Posted on by Arran Fisher
(I wrote this some time ago, but thought it still has relevance to our practice today, and provides a little insight into a previous era of Calgary Aikikai. It was originally published January 2008 on the indie music site www.thickspecs.com. The photo above is from 2009, I believe)
About twice a week I make the trek to a warehouse in the industrial southeast of Calgary, walk around the back, weave my way past 18-wheelers and commercial debris and go up the blue metal staircase to one of my favourite places. This might sound like many a band’s rehearsal space, but in this case I’m talking about my dojo, the place where I’ve practiced the martial art of Aikido for the past 12 years.
Upon opening the door, I’m greeted with a hearty “Konichiwa” from the other students, like I’ve entered a sushi restaurant. I bow to the photograph of Aikido’s founder, Morihei Ueshiba, and immediately I’m transported into another world. My mind is cleared of the stresses of normal city life, and I’m immersed in an atmosphere of camaraderie and scholarship, all couched in Japanese tradition and etiquette
Aikido is different from what most people think of martial arts. It’s not about fighting; it’s about cultivating a frame of mind. Sure, students learn all kinds of crazy ways to throw an attacker around, dislocate their elbow, or even cause some serious harm, but to focus on this element would be like saying that the only good thing about the ocean is that it floats boats. You’d miss the bigger picture. In Aikido, learning self-defense is seen as a way to become a better person.

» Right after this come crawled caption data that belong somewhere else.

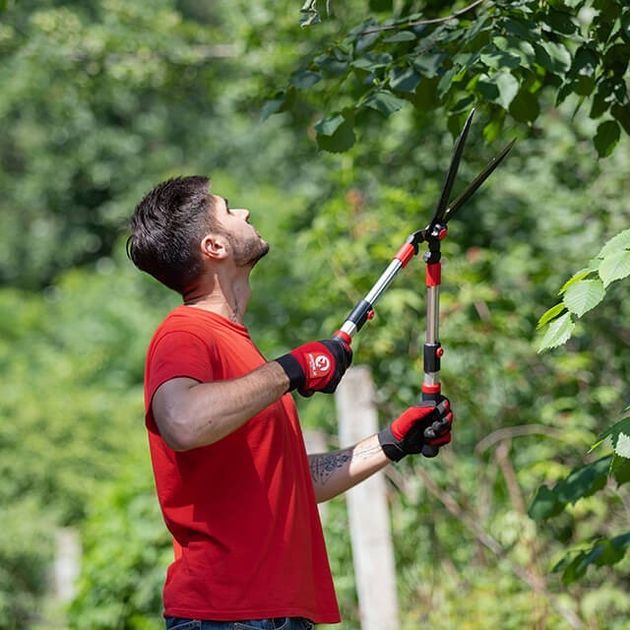 Садовые ножницы телескопические INTERTOOL FT-1117, фото , изображение 10 | SNABZHENIE.com.ua Садовые ножницы телескопические INTERTOOL FT-1117, фото , изображение 10 | SNABZHENIE.com.ua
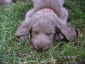 20050810_01_k.jpg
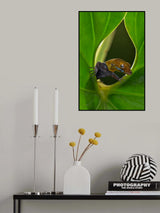 Gecko Poster och Canvastavla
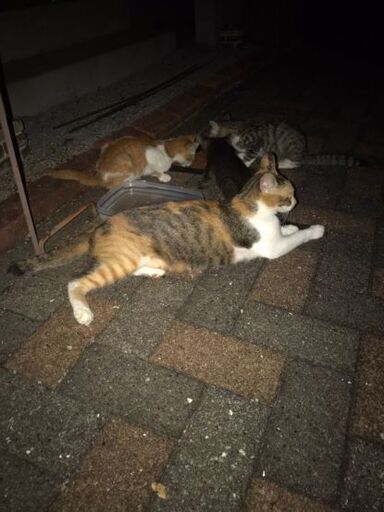 推定2歳位とっても優しい人好きなメス猫ちゃん グッチ 久留米の猫の里親募集 ジモティー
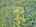 Blurred preview of media: 9zzs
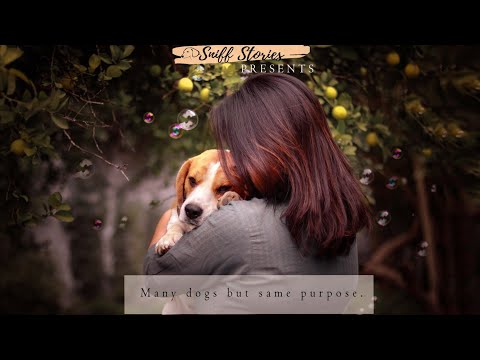 Many dogs with same purpose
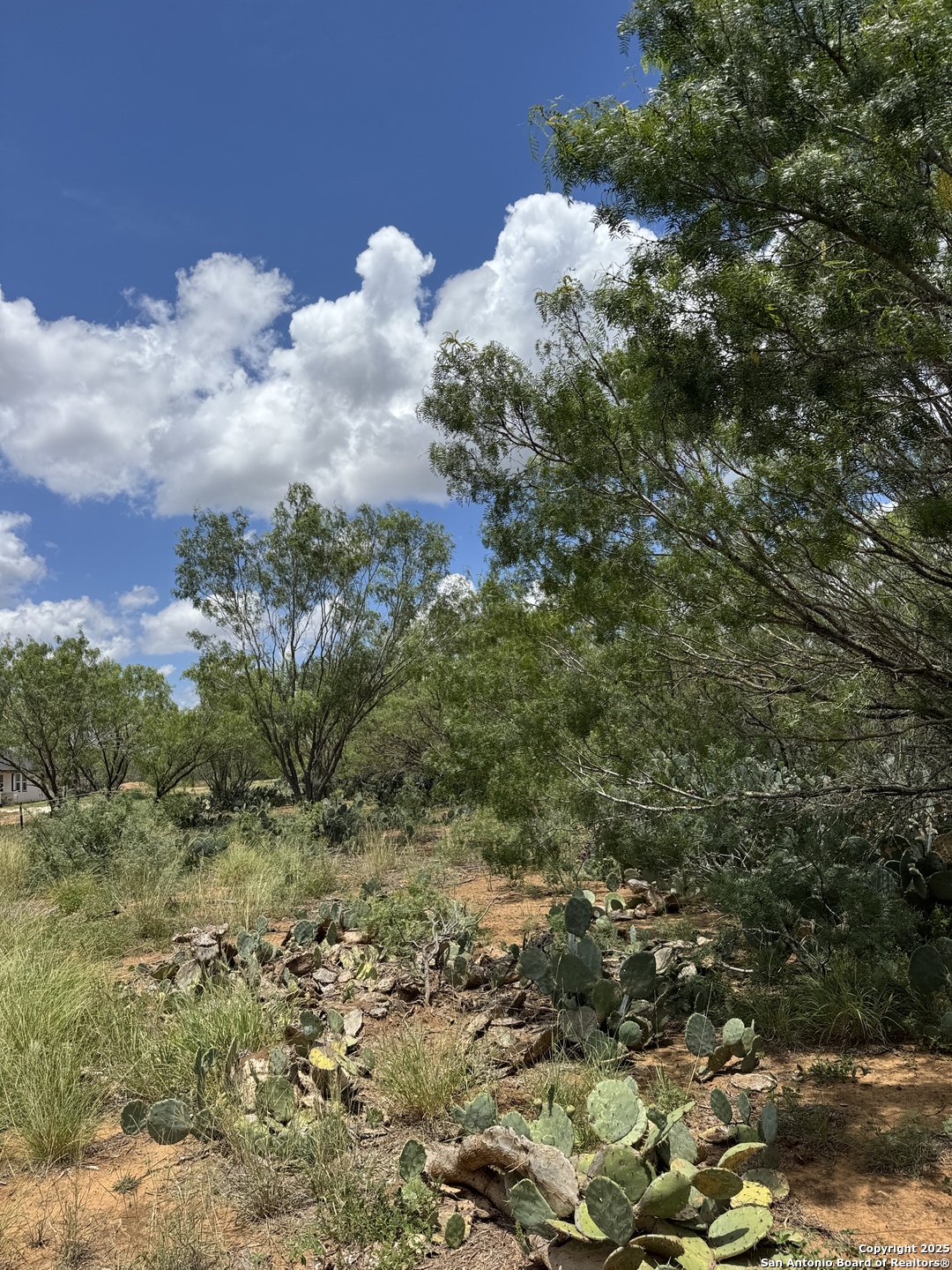 2 Windmill Ranchettes Cr 329 Pleasanton, TX 78064 - Photo 4 of 5 a view of a bunch of trees in a field
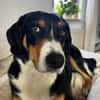 Fröhlicher Appenzeller Sennenhund Rocco wartet in 74214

The training is completely non-competitive and only with the attitude of defense from an attack. There’s never a winner or loser and nobody is so skilled that they can’t learn from even the greenest beginner. At our dojo, the most important thing is that everyone has a good time and feels happy after each practice, so a positive attitude and avoidance of any injury are two of the most important elements.
I learn Aikido from Yasuhisa Inaba, 6 Dan, a man who moved to Calgary from Yokohama in 1980 and has been teaching in the traditional Japanese style ever since. We call him “Sensei” and greet each other with bows. The classes are conducted in English, but we use Japanese words for all the formal greetings and thank yous, as well as for names for all the techniques. Before and after each practice, we clean the mat with a mop and bleach, not just for sanitation, but as an act of purification. Traditional beliefs run deep.
The dojo is not just a place where you go to learn, such as a college classroom, and definitely not like a gym, where all that’s expected of you is to pay your membership. At the dojo you actually practice to become more aware of your surroundings and the people with whom you interact. You learn how to listen and be quiet, and how to teach others things you may have picked up. At the end of every practice I feel both energized by the experience and humbled by how much there is to know about this endlessly complex and rewarding pursuit.